I hung up and tried to fish the soggy piece of bread from the cereal bowl. It turned out to be easier to just drink everything. I was furious. With Elias, with myself, with the entire world.

I wandered through the art academy library that was so very different from the one in my department. Again and again I pulled a book from the shelves and leafed through reproductions of old Flemish masters and descriptions of happenings. Holding in my hands the catalog for the Sonic Youth exhibition, I asked myself whether my life had taken the right course. Languages come easily to me. I quickly grasp the patterns and have a good memory, but in the last few years I had hardly done anything other than learn technical terms and grammar constructions. I was disciplined and hungry for success. In school I had studied English, French, and a bit of Italian, then I had spent a year as an au pair in France to perfect my French. Afterward, I’d enrolled to study interpreting. In my free time I studied Italian,
Spanish, and a bit of Polish, but I never managed to work up enthusiasm for the Slavic languages. Nonetheless, I spent a semester at the Lomonosov University in Moscow, then did internships with international organizations in Brussels, Vienna, and Warsaw. A scholarship had freed me from having to work on the side. But by then I had compiled a respectable CV and was familiar with the use of Ritalin and other substances that facilitate an easier learning process. I finished college in record time and started taking Arabic lessons. Sami had been a good teacher, but he returned to the United States. A year later I met Elias.

We’d been together for a mere two months when we decided to travel together. We were on the road for almost four months, crossed France, into Italy, from there on to the Balearic Islands and Spain, then to Morocco, Egypt, and Turkey.

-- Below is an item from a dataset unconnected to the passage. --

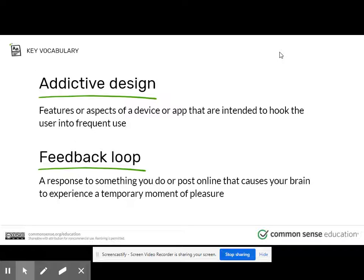Tech designers understand the power of habits. Their job is to get you to use their devices and tools as a habit without even thinking about it. This makes them successful and makes them more money. This is called addictive design, which has features or aspects of the device or app that are intended to hook the user in frequent use.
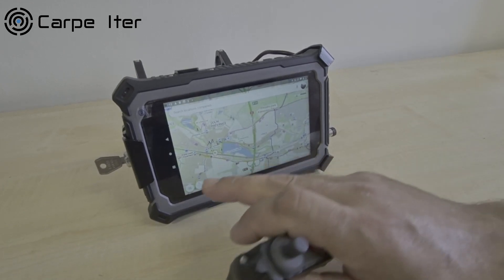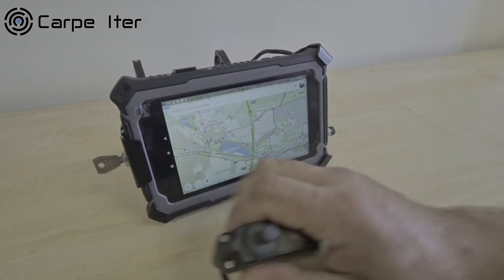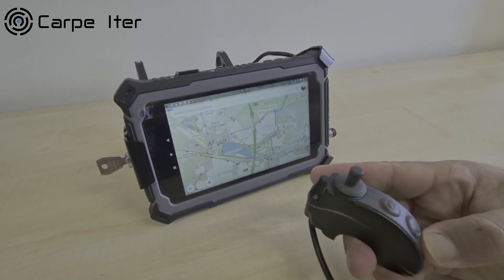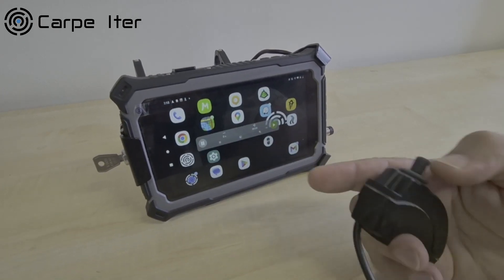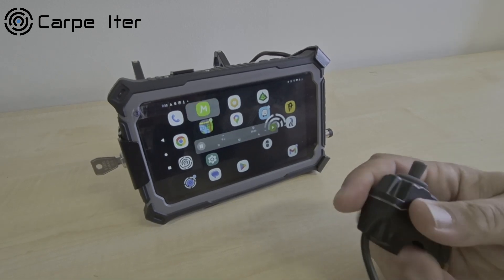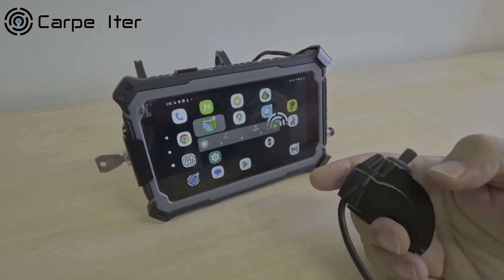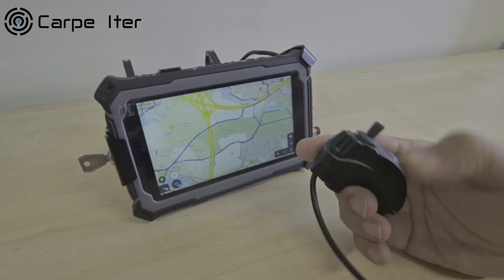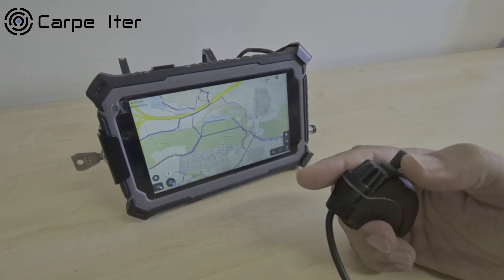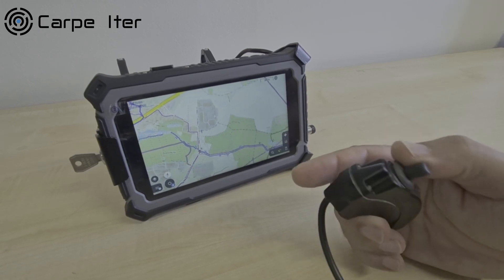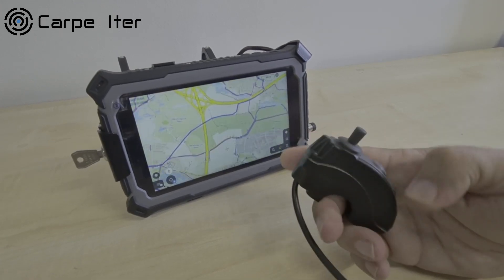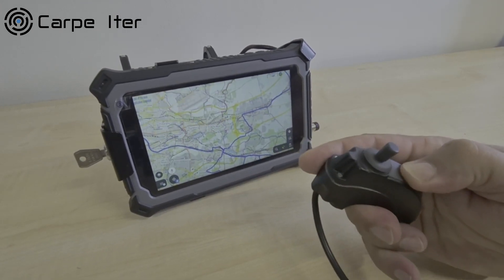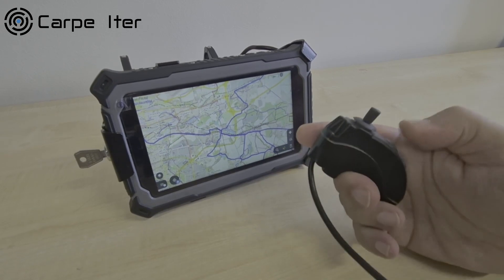Recentering, map panning, zooming — all of that you can do with just the controller. So let's try Osmond — I'm sorry, Locus — map orientation.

During the trip Elias took pictures for his thesis show. Upon our return he disappeared into his darkroom and I started a double master’s degree: interpretation and Arabic.

The librarian wore large horn-rimmed glasses and stared at my T-shirt. I pushed the books toward him. “I’m sorry, I can’t help it. They’re beautiful. Your breasts, I mean.”

I looked him straight in the eyes—they were cold and gray. Obviously he was at ease, didn’t feel embarrassed or caught in the act, and smilingly handed me
the books. Probably he had deconstructed his own sexism and now felt that he could get away with anything. I was tempted to drop the heavy stack of art monographs onto his fingers, but he withdrew his hands just in time. Then I thought about spitting at him, but that seemed a little overly theatrical.